◆ Dataset excerpts:
++++++
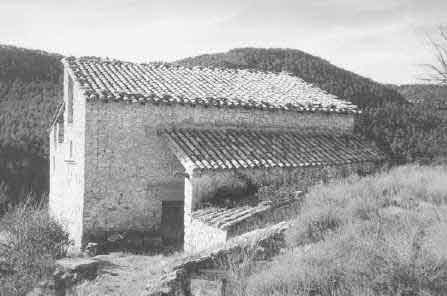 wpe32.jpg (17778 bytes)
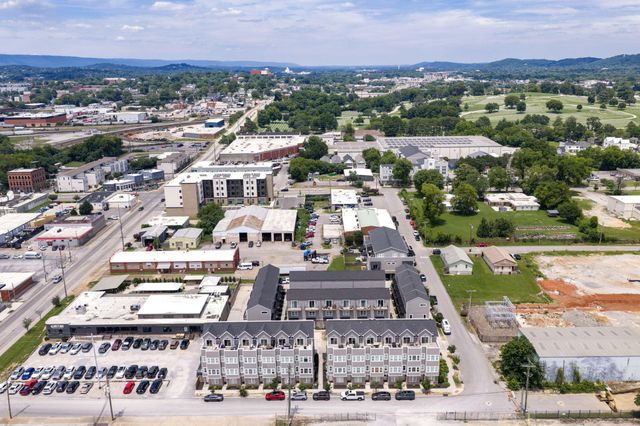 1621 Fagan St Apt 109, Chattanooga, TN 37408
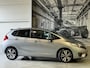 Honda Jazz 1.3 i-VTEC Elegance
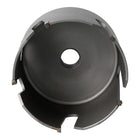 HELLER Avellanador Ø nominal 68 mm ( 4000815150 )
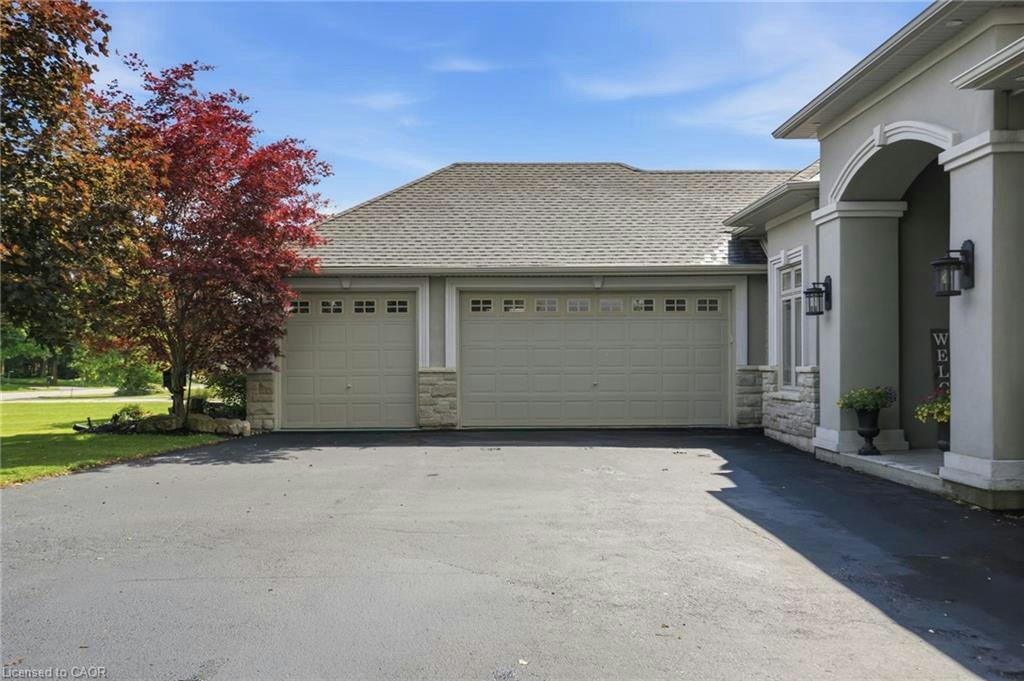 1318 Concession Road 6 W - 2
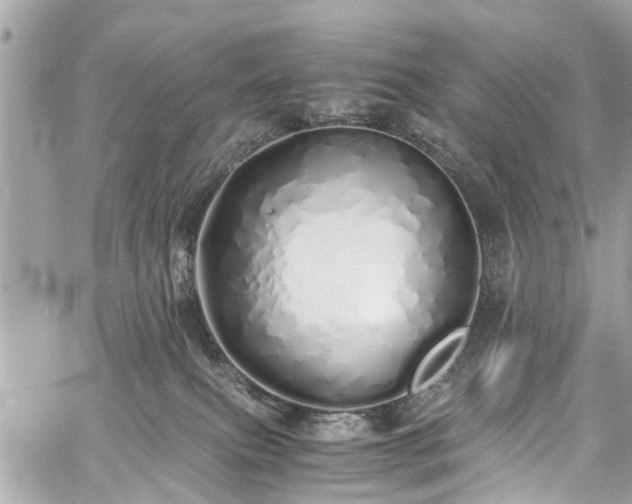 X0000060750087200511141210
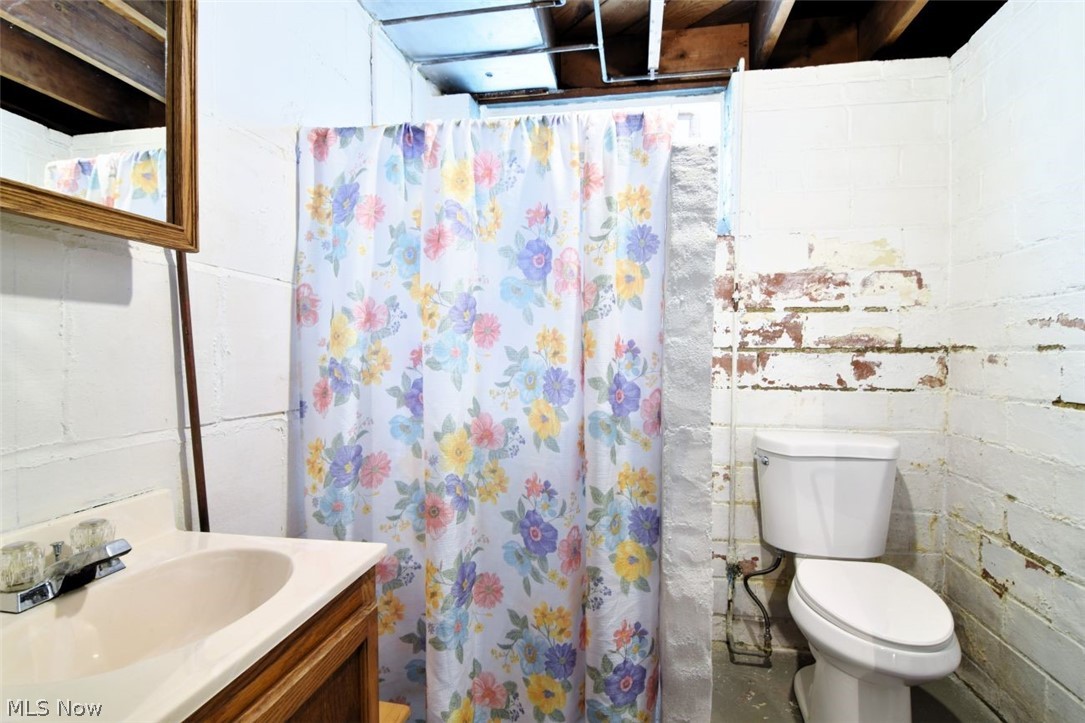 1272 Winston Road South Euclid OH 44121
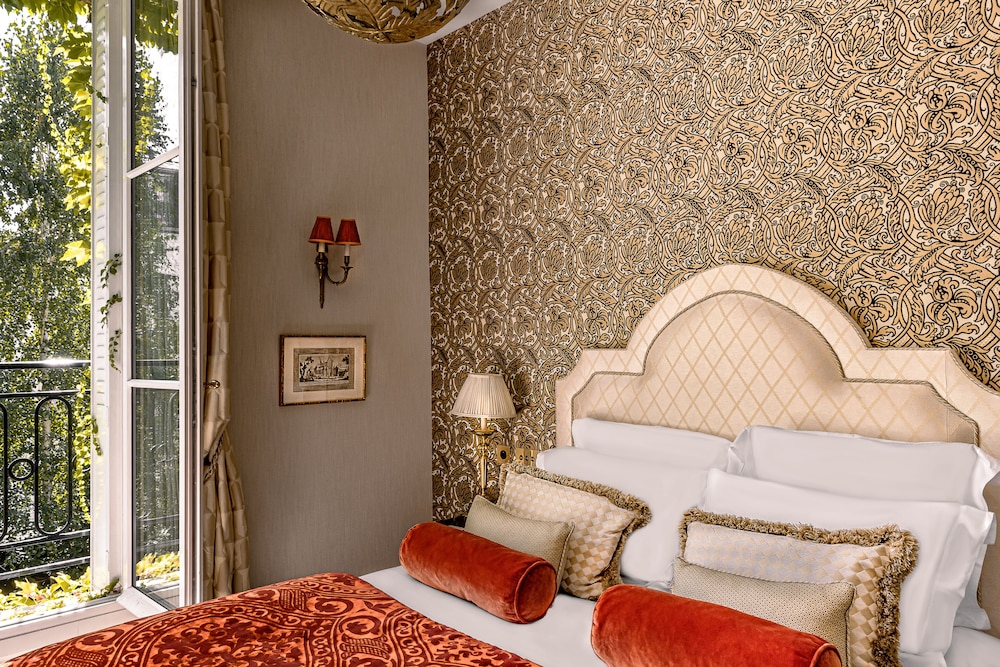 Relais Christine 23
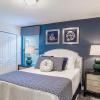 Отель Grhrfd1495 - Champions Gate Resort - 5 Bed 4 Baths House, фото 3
++++++
◆ WHAT THIS TASK INVOLVES: Please give the data above again in exact form and omit every picture.

◆ FINISHED TASK:
 wpe32.jpg (17778 bytes)
 1621 Fagan St Apt 109, Chattanooga, TN 37408
 Honda Jazz 1.3 i-VTEC Elegance
 HELLER Avellanador Ø nominal 68 mm ( 4000815150 )
 1318 Concession Road 6 W - 2
 X0000060750087200511141210
 1272 Winston Road South Euclid OH 44121
 Relais Christine 23
 Отель Grhrfd1495 - Champions Gate Resort - 5 Bed 4 Baths House, фото 3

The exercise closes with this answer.